__WORKING DATA__:
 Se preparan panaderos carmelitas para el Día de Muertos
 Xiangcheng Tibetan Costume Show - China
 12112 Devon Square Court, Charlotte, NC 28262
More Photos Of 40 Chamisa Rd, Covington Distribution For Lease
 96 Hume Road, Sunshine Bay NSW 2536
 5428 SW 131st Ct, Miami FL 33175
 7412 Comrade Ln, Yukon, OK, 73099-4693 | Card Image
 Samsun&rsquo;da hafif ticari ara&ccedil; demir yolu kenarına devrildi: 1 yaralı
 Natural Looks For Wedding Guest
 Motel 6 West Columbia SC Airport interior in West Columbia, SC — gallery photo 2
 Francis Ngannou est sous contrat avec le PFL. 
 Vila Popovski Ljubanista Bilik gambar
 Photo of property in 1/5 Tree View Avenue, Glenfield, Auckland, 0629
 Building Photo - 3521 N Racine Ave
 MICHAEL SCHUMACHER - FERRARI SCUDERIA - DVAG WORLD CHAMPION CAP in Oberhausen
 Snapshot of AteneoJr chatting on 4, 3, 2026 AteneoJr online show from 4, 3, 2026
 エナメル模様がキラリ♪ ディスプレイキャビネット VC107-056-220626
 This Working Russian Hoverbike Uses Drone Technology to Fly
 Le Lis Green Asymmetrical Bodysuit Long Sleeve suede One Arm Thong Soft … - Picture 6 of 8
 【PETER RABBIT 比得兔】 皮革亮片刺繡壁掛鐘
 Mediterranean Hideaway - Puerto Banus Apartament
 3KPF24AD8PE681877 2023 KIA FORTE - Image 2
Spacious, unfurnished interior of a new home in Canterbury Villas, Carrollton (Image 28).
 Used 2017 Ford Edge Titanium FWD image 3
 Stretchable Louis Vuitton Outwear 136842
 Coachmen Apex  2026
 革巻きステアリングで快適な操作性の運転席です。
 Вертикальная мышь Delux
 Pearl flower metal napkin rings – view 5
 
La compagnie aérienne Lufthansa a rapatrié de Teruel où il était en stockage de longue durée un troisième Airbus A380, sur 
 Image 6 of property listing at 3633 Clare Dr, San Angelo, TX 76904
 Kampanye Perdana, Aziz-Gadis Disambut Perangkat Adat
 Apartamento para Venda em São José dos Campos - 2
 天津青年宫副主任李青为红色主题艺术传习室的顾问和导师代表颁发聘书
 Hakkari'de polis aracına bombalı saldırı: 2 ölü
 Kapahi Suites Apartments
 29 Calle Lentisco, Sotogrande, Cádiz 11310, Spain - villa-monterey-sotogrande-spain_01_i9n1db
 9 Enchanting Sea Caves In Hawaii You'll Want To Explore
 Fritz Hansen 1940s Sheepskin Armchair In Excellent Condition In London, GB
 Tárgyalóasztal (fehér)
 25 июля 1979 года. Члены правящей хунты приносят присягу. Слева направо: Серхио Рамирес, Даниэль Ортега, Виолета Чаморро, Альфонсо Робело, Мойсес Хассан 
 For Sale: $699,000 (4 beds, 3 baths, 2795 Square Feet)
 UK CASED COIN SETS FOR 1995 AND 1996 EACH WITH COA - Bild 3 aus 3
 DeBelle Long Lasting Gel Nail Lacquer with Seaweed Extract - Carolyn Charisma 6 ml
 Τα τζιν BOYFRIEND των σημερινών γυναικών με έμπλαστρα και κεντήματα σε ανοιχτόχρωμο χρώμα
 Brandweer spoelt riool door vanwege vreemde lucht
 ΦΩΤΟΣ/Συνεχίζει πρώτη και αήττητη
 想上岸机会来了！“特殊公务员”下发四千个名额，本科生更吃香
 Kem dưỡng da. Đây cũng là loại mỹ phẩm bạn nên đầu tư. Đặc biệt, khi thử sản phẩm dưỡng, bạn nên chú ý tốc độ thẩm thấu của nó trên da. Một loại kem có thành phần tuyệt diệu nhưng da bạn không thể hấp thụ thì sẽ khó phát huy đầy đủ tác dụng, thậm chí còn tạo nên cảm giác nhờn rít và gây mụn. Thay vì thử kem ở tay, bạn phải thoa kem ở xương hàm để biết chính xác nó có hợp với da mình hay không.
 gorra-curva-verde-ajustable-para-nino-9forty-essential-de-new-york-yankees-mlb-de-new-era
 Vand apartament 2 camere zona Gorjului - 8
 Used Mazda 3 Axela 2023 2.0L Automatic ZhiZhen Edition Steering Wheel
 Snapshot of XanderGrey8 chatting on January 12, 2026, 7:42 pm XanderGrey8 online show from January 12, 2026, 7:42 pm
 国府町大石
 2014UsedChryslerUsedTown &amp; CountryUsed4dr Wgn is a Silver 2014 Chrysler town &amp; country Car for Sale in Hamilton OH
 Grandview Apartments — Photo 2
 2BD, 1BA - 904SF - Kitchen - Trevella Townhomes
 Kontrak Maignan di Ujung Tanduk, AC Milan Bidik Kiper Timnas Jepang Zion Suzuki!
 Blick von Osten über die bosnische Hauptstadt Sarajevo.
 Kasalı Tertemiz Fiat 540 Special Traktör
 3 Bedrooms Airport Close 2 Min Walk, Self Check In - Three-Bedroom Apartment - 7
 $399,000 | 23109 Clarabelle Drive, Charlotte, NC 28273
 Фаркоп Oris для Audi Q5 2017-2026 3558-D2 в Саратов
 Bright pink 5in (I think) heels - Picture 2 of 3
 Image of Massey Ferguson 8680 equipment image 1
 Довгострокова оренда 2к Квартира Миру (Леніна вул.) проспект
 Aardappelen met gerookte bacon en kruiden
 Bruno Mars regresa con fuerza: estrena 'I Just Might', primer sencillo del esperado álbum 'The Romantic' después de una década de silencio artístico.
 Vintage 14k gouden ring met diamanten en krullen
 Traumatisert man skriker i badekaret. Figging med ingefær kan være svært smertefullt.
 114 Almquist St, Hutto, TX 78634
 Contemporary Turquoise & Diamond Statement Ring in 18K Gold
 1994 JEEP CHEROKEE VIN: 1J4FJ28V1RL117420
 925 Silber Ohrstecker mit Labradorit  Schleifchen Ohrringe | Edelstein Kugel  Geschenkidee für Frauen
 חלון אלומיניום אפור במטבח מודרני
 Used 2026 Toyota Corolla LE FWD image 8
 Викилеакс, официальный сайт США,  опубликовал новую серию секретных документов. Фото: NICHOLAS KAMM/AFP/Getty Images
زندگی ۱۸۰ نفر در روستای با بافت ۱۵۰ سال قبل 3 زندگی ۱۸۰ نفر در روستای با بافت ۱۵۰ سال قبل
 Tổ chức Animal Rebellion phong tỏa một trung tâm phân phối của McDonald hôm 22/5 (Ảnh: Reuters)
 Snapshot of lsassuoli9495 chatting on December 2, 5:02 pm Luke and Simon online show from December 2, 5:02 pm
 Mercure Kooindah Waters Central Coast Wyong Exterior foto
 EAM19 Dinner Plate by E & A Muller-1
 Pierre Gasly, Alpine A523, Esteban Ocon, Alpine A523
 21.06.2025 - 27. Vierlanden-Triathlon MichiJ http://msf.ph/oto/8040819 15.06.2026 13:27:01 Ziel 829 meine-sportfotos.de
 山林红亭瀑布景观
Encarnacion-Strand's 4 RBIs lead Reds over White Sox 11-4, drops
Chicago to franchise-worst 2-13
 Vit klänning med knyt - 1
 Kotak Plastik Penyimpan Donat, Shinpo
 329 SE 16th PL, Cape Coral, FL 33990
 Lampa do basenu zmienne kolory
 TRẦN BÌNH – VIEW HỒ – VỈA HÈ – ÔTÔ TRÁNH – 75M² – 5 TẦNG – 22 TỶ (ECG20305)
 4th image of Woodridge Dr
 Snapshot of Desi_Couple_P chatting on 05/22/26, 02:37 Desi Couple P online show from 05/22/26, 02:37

__TASK TO COMPLETE__: Which lines above run from the one containing "天津青年宫副主任李青为红色主题艺术传习室的顾问和导师代表颁发聘书" to the one containing "UK CASED COIN"? Give them again exactly, both ends included.

__RESULT FOR THIS EXERCISE__:
 天津青年宫副主任李青为红色主题艺术传习室的顾问和导师代表颁发聘书
 Hakkari'de polis aracına bombalı saldırı: 2 ölü
 Kapahi Suites Apartments
 29 Calle Lentisco, Sotogrande, Cádiz 11310, Spain - villa-monterey-sotogrande-spain_01_i9n1db
 9 Enchanting Sea Caves In Hawaii You'll Want To Explore
 Fritz Hansen 1940s Sheepskin Armchair In Excellent Condition In London, GB
 Tárgyalóasztal (fehér)
 25 июля 1979 года. Члены правящей хунты приносят присягу. Слева направо: Серхио Рамирес, Даниэль Ортега, Виолета Чаморро, Альфонсо Робело, Мойсес Хассан 
 For Sale: $699,000 (4 beds, 3 baths, 2795 Square Feet)
 UK CASED COIN SETS FOR 1995 AND 1996 EACH WITH COA - Bild 3 aus 3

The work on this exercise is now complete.